That memory number is the whole point. Because the CPU and GPU draw from the same pool, you can load a 70B model in full precision without sharding it across cards. No consumer discrete GPU does that. The RTX 5090 caps at 32GB.
So why not just buy one now?
You can. Mini PCs on the same Strix Halo silicon have been shipping for months. The GMKtec EVO-X2 with 96GB of RAM sells for around $2,349, and Framework's 128GB desktop has hovered near $1,999. AMD's first-party box costs more, and the company is betting the difference buys you preinstalled playbooks, ROCm support out of the gate, and dual Windows and Linux booting. The original source pricing this near $1,800 is optimistic; the real floor for a comparable 128GB config is closer to two grand.

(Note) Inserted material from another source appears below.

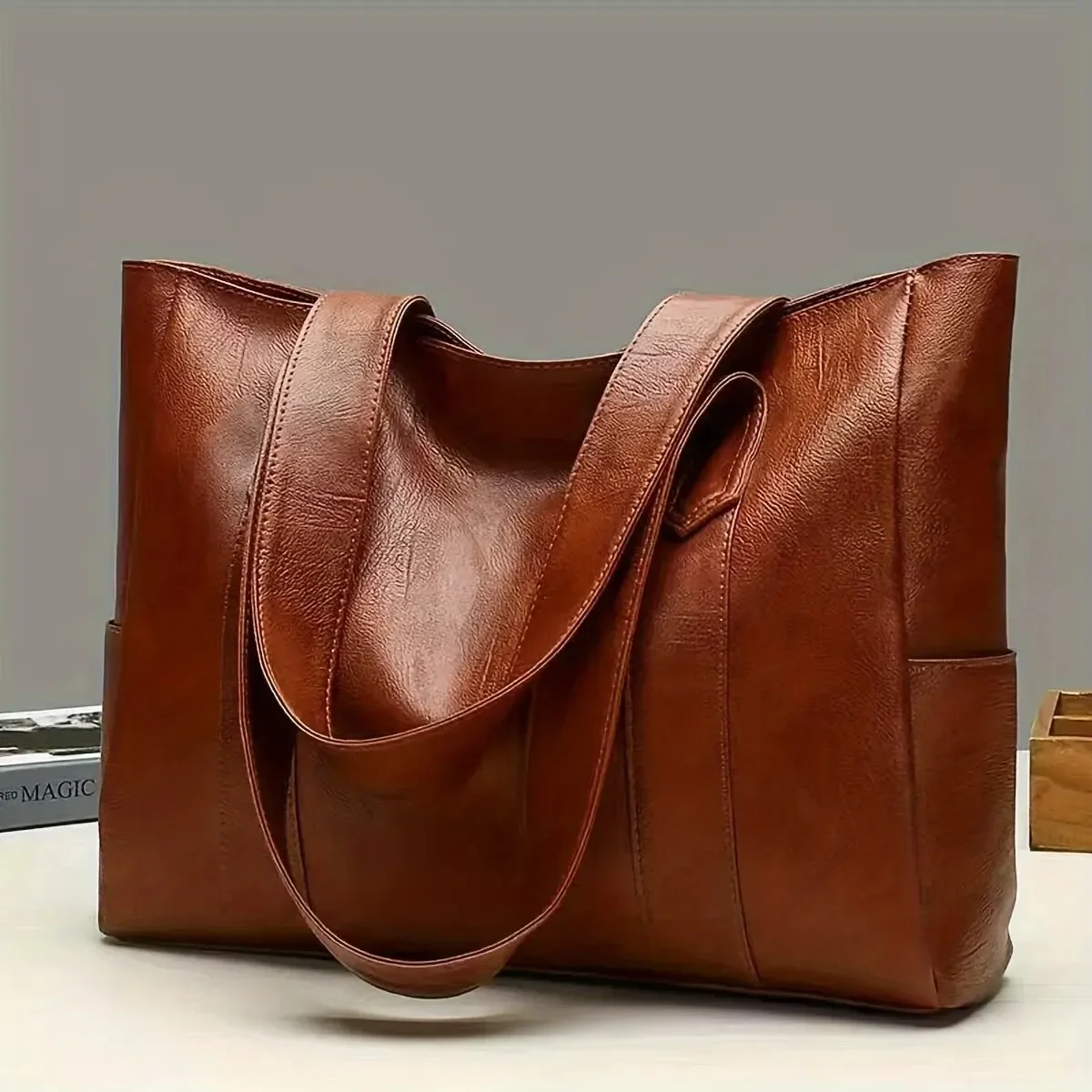 Vintage Ladies Bag Large Capacity Handbag , Vintage Plain Shoulder Bag , Ladies Commuter Casual Handbag thumbnail 2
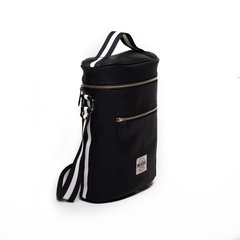 Bolso Matero PU Negro con Tiras Rayadas BYN - comprar online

The comparison AMD wants you to make is against Nvidia's DGX Spark, which now retails for $4,699. Spark launched at the same $3,999 last year before memory shortages pushed the price up. AMD undercuts it by $700 and adds native Windows. Nvidia counters with a more mature software stack, which for a lot of developers still settles the argument.
The catch nobody puts on the box
Unified memory bandwidth runs around 256 GB/s. Discrete VRAM clears 1,000. So while the Halo can hold a giant model that a 4090 physically can't, it churns through tokens slower. Benchmarks put 70B inference around 14 tokens per second. Fine for tinkering and overnight jobs. Painful if you expected snappy chat. Image generation lands roughly 3 to 4 times slower than a 4090. This is a capacity play, not a speed one, and AMD's own framing leans on memory size rather than throughput for a reason.
The Russian-language report that surfaced this also said AMD demoed Qwen3-235B on the device. I couldn't confirm that specific model in AMD's materials, which cite a different benchmark set, so treat it as unverified.
Pre-orders are live now at Micro Center for both the Linux and Windows editions at the same $3,999.99. No firm delivery date yet, though Micro Center listed local pickup for July 10.